With weather being a large determinate of timing of cutting, on the Lilburns' farm, this usually commences each year in early April. The length of the cutting season depends largely on grass growth and weather but usually the machinery used for this is parked up in October.

Richard said: “In 2019, we decided to change our feeding system and fed TMR the whole year round. However, I found this system costly and reverted back to the zero grazer for this current season.

“Grass makes up a proportion of the diet as early as possible in spring and in a typical year 100% grass diet is fed from late April onwards. The current intakes of the herd stand at more than 16kg DM per cow per day of zero grazed grass,” he said.

The Scottish Farmer: Cows are fed zero grazed grass from April to October – and here's an unusual wide angle view of the feed passage

Richard and the family decided to further invest in technology and installed four Fullwood Merlin robots to help free up some time to spend with the family.

Cows are divided into two houses with two robots and 114 cubicles measuring 2.43m x 1.22m in each house. The cubicles are a cow-coon hybrid which offers the animals comfort with pasture mats and are bedded with a peat and lime mix.

Within each of the two sheds cows can travel anywhere in the building unimpeded and have free access to feeding, resting and milking at all times. The system alone drives cow flow, with visits to the robots for milking averaging around three visits per day.

The herd is also foot-bathed daily through the robot with four automatic systems. Dermatitis incidences have dropped considerably since the cows have gone through the footbath more regularly, with the solution changed every 75 cows.

Production in the Brookvale herd is currently averaging 33 litres of milk per cow, per day at 4% BF and 3.55% P.

The diet fed ration is formulated to support 28 litres with cows eating on average 4kg concentrates and the maximum being fed through the robot at 12kg of concentrates.

Richard said: “Rather than reducing overall labour input, the aim of going down the robotic route was to be more flexible with time for family life and not being curtailed by milking times.”

However, the use of technology on this farm does not stop there as Richard also uses a slurry aeration system (automatic slurry bubbler system, ASBS) which is an energy efficient method to ensure standard consistency and improved quality in stored slurry.

Air is circulated through valves which are fixed to the base of the tank so this air introduction encourages continuous agitation of the slurry meaning it is in spreadable condition at all times without the need to mechanically mix.

Also, a computerised heat detection system is used for the cows where each animal is fitted with a collar that monitors heat expression and transmits the data wirelessly to a computer or a smart device.

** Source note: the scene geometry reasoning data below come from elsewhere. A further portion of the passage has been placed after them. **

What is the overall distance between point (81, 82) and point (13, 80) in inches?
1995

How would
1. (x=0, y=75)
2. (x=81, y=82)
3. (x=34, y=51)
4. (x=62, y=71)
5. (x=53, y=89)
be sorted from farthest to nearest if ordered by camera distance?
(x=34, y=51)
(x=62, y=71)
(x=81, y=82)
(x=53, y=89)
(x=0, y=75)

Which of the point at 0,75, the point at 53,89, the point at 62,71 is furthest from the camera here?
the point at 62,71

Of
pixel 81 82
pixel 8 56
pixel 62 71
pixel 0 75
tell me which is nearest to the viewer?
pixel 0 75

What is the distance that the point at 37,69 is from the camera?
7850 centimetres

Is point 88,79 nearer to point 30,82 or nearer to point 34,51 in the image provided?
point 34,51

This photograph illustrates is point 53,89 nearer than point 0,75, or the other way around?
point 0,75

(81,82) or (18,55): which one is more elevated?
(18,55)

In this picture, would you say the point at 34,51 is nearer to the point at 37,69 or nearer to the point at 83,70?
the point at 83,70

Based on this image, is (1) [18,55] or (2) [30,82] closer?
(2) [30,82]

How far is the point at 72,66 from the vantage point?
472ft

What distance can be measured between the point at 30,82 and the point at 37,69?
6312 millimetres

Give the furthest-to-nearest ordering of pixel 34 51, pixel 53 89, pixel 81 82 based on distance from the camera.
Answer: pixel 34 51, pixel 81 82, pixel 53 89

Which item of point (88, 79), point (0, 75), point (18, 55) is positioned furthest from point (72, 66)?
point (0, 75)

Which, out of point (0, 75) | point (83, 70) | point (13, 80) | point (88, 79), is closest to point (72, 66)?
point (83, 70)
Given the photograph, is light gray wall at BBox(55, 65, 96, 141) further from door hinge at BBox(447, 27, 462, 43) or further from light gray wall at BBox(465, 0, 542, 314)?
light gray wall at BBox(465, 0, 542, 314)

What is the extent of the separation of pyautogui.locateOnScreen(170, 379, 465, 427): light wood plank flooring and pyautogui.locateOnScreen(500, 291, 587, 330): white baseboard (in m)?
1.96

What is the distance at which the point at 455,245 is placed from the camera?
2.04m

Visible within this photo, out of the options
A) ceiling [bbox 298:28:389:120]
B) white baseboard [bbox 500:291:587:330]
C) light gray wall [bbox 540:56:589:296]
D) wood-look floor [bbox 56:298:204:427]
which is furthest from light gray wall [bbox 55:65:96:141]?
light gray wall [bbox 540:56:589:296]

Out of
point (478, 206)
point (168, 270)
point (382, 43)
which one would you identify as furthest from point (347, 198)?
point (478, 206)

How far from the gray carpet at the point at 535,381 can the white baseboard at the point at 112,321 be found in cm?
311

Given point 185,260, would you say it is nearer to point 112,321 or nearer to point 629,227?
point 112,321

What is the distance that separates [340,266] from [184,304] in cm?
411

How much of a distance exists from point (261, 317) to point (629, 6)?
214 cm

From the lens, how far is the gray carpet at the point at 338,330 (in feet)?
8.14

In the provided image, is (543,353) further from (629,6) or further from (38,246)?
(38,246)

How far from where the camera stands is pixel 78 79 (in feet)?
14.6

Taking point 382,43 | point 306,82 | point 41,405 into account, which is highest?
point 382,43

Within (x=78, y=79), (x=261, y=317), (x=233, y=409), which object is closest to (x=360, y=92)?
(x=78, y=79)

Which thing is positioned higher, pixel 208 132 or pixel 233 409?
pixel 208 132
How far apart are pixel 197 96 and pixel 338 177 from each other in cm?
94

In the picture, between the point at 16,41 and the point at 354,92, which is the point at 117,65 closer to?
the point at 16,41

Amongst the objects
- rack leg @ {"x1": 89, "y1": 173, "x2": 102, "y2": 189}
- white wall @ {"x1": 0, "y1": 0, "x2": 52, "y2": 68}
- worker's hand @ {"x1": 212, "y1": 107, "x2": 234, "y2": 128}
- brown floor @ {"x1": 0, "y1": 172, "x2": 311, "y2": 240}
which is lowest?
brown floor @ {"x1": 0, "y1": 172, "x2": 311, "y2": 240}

Once heats are recorded, then the animal can be served.

An automatic Holm and Laue calf feeder is used to feed the young stock for 65 days from the age of one week. As much as this piece of technology has been important for 15 years on the farm, Richard pointed out that having his mother managing the rearing of calves was vital at Brookvale Farm, with attention to detail no less essential even with the automatic system.

“Technology is always at the forefront here at Brookvale Farm,” said Richard. “We will continue to strive to increase our efficiency and profitability whilst giving the necessary time to the family.”